[INFORMATION SUPPLIED Boundary: Start]

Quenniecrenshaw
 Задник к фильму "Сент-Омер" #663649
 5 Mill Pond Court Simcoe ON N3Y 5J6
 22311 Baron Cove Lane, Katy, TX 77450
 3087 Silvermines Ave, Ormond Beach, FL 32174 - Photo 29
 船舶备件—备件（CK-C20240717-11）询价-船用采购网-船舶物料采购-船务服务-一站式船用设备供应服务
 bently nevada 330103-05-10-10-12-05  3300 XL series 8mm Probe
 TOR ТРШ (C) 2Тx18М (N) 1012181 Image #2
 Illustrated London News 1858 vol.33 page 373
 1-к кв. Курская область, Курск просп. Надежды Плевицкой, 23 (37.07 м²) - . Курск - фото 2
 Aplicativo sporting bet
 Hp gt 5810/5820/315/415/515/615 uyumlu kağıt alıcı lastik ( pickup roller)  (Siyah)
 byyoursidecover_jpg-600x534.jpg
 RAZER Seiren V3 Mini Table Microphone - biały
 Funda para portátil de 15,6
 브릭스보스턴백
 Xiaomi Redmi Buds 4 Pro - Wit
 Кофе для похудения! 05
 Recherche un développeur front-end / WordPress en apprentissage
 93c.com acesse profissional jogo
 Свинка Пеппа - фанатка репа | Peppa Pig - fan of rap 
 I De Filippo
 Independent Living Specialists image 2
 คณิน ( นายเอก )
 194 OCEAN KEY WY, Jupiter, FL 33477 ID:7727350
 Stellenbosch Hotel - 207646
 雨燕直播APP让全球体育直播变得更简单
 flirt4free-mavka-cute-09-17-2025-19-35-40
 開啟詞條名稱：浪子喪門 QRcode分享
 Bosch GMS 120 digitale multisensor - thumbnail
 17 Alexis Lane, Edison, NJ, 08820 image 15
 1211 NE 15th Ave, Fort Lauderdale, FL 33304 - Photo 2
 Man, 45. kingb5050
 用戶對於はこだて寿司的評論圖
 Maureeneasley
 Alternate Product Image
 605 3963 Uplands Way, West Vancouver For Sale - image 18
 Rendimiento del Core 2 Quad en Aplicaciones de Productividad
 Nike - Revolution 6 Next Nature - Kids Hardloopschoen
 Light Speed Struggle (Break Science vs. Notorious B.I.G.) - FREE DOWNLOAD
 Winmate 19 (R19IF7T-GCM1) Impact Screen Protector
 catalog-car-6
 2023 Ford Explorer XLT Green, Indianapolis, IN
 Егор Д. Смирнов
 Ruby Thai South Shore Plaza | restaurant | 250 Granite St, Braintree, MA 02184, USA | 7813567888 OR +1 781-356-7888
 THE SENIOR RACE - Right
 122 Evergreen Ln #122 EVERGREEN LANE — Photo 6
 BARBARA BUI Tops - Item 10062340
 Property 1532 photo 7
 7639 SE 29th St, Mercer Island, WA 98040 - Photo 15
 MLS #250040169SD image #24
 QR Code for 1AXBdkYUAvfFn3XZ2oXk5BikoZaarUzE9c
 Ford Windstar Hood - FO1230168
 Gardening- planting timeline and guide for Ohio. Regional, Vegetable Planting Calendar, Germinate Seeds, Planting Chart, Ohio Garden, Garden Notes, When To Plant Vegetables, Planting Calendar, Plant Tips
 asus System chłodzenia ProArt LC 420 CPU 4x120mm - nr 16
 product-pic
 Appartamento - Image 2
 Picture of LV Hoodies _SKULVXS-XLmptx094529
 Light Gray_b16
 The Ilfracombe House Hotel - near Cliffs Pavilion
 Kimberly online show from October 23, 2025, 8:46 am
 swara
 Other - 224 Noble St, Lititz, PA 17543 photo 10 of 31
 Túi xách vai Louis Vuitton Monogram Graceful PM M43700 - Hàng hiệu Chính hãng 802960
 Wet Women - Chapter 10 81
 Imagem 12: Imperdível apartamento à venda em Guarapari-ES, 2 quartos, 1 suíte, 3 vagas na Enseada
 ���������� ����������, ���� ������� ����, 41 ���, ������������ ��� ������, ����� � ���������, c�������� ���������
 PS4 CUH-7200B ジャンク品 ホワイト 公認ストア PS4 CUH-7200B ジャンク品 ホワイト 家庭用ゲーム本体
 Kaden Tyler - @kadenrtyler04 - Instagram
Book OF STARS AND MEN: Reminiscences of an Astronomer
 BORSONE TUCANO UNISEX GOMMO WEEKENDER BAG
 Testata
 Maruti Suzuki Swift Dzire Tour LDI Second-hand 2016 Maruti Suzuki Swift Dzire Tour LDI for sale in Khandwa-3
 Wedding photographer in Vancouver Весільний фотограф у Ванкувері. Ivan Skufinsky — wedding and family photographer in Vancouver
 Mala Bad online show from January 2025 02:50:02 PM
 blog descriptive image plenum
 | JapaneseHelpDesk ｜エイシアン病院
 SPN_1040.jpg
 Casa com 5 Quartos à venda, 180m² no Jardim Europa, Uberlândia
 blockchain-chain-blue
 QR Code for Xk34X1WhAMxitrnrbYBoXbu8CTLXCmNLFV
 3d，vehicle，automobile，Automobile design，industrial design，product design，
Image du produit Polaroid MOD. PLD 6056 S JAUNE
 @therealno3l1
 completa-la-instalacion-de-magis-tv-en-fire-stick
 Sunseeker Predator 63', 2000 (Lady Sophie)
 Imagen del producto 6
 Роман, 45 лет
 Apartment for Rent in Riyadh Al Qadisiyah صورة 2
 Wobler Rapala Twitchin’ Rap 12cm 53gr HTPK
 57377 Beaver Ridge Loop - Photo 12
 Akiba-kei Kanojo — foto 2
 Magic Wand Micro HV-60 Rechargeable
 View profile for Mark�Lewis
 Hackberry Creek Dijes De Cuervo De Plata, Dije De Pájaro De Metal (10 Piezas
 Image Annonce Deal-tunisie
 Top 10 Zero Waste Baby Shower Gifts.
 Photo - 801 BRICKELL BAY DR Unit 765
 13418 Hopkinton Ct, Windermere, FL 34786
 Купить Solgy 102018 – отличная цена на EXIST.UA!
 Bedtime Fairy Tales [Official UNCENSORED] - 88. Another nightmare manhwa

[INFORMATION SUPPLIED Boundary: End]

§ EXERCISE REQUIREMENTS
Once you find the line with "THE SENIOR RACE - Right" above, print it and every line after it up to and including the line with "Ford Windstar Hood - FO1230168", exactly as written and nothing else.

§ FINISHED EXERCISE
 THE SENIOR RACE - Right
 122 Evergreen Ln #122 EVERGREEN LANE — Photo 6
 BARBARA BUI Tops - Item 10062340
 Property 1532 photo 7
 7639 SE 29th St, Mercer Island, WA 98040 - Photo 15
 MLS #250040169SD image #24
 QR Code for 1AXBdkYUAvfFn3XZ2oXk5BikoZaarUzE9c
 Ford Windstar Hood - FO1230168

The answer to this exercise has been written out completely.